(Beginning of Records supplied)

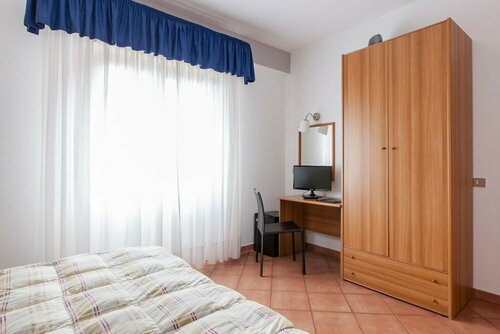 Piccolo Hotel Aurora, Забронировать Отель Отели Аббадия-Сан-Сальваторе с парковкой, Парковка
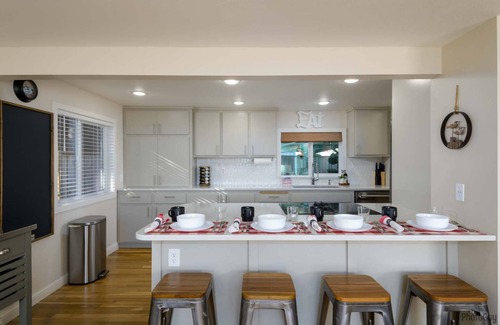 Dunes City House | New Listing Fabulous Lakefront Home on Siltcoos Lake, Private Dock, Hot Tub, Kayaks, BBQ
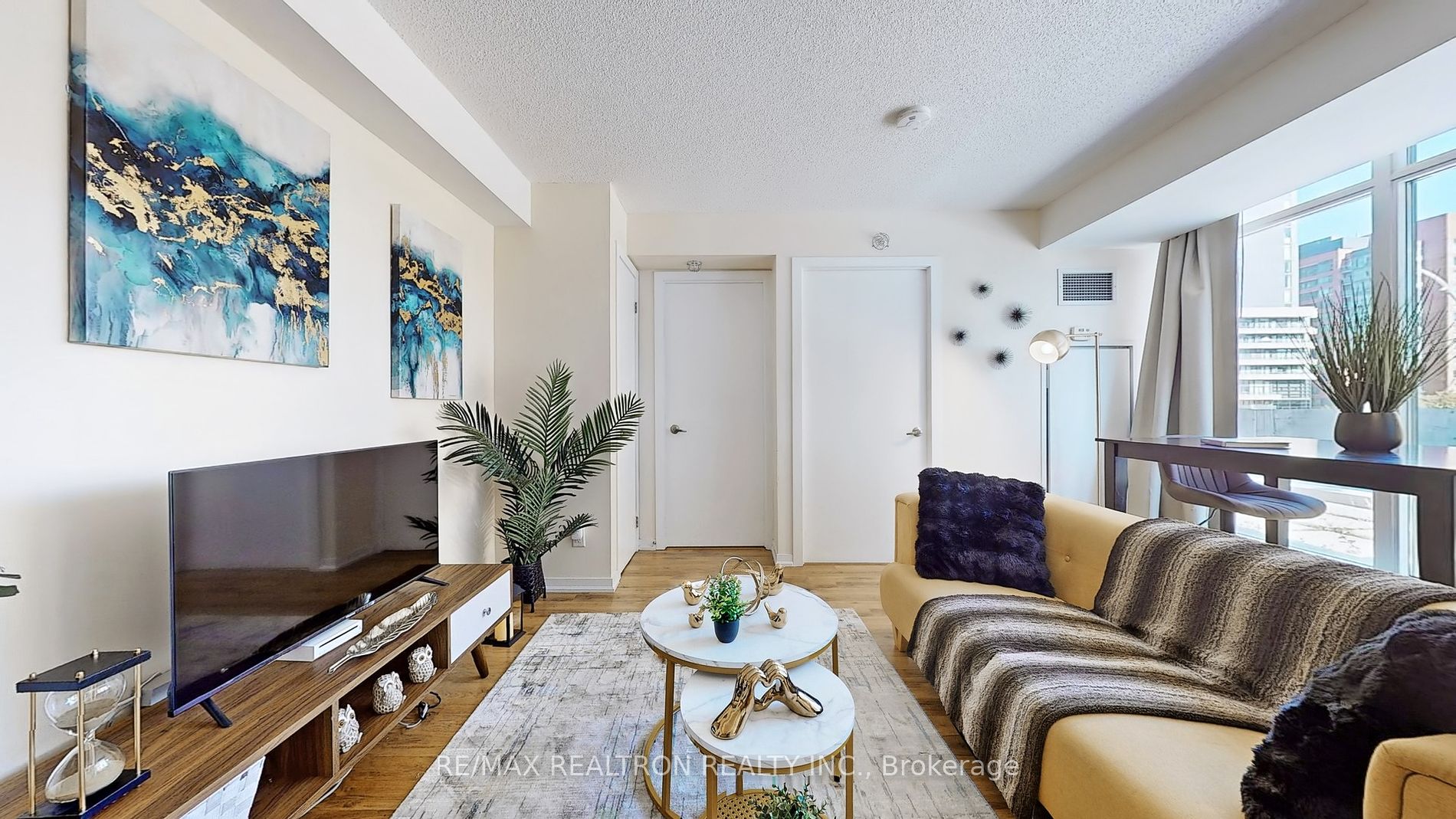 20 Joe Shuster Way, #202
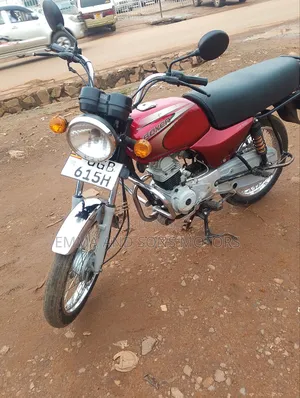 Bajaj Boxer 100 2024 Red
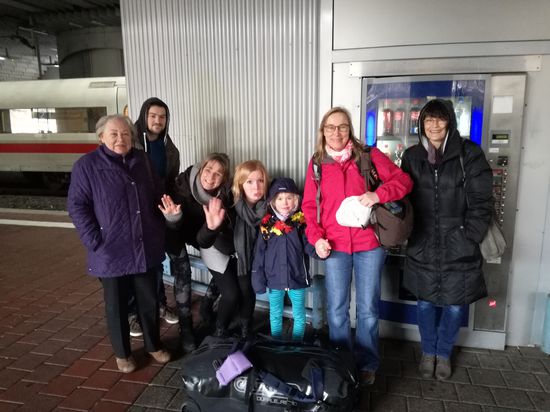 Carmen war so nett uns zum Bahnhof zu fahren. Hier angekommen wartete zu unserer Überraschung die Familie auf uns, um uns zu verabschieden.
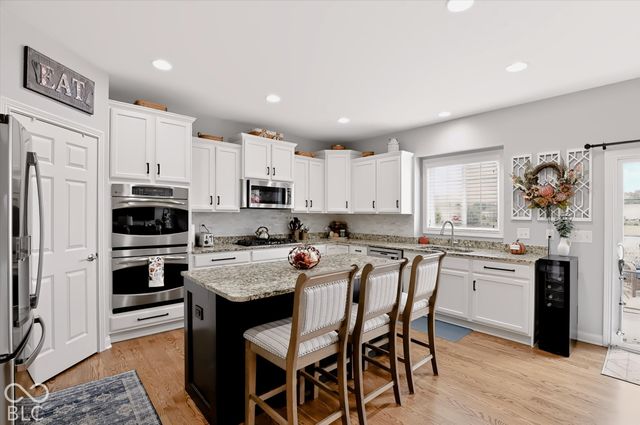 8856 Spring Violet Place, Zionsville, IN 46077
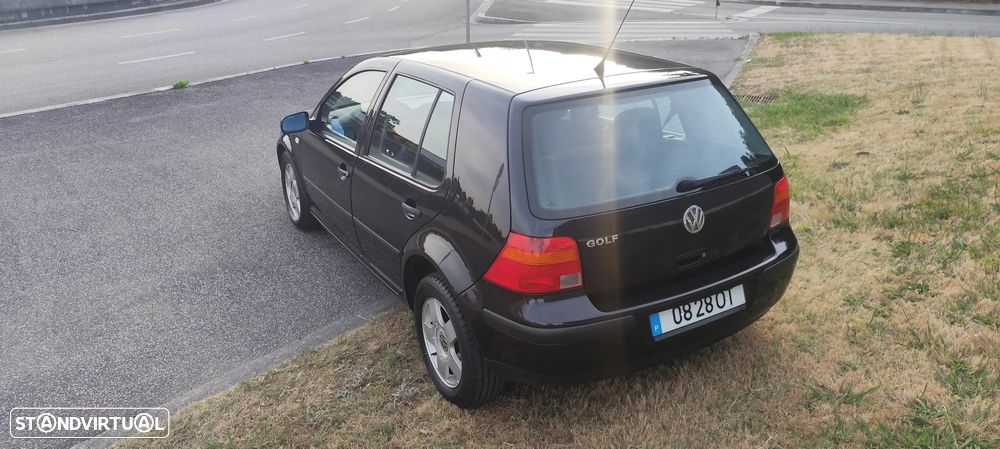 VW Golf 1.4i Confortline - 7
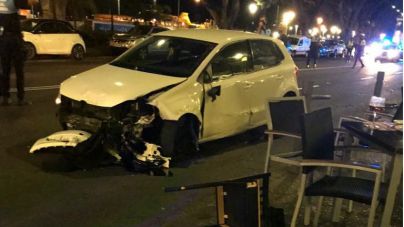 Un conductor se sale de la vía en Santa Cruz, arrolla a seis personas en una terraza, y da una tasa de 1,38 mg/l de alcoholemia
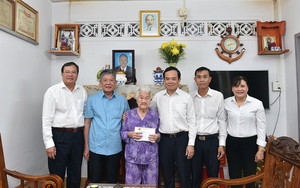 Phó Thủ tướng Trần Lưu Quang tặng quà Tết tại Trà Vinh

(End of Records supplied)
(Beginning of Records supplied)

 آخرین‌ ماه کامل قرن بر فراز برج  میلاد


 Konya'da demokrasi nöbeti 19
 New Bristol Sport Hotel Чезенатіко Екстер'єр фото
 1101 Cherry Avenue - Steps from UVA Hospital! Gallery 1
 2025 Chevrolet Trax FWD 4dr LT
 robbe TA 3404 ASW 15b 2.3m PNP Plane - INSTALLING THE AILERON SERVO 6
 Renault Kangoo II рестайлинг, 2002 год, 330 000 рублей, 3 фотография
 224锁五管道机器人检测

(End of Records supplied)
(Beginning of Records supplied)

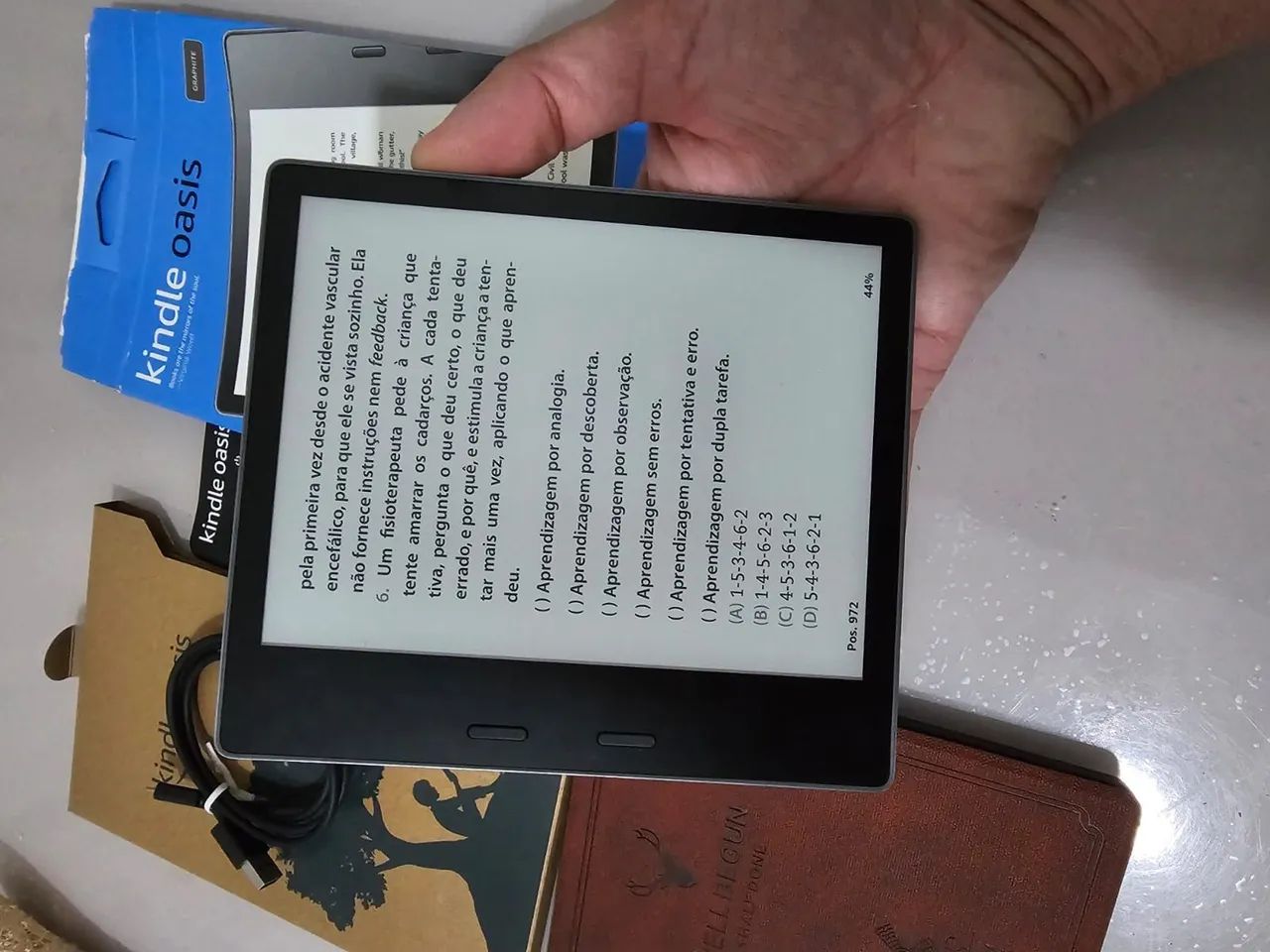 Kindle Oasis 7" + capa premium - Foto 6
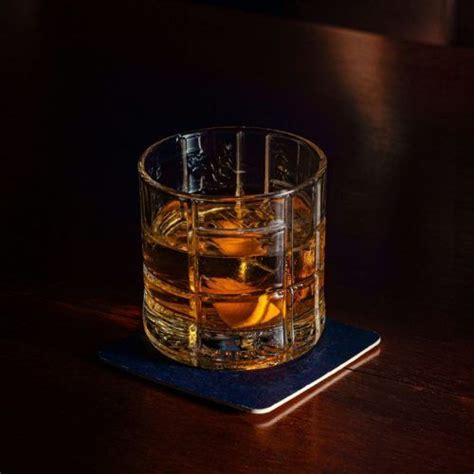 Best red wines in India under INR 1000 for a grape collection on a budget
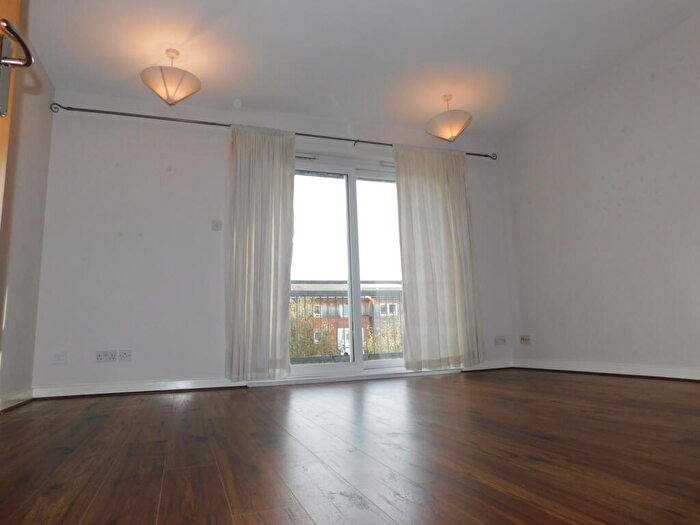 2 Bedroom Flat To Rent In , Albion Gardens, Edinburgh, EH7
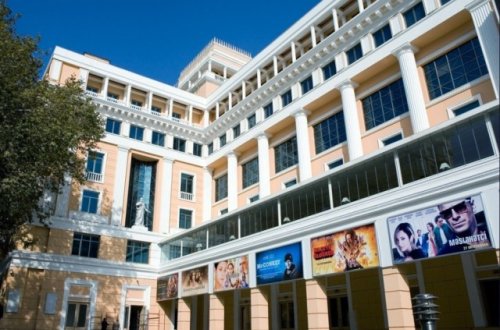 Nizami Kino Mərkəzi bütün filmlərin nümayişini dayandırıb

(End of Records supplied)

Exercise instructions ::
Using only the entries above, output the line with "Renault Kangoo II", the line with "224锁五管道机器人检测", and all lines between them, exactly as they stand.

Solution to the problem ::
 Renault Kangoo II рестайлинг, 2002 год, 330 000 рублей, 3 фотография
 224锁五管道机器人检测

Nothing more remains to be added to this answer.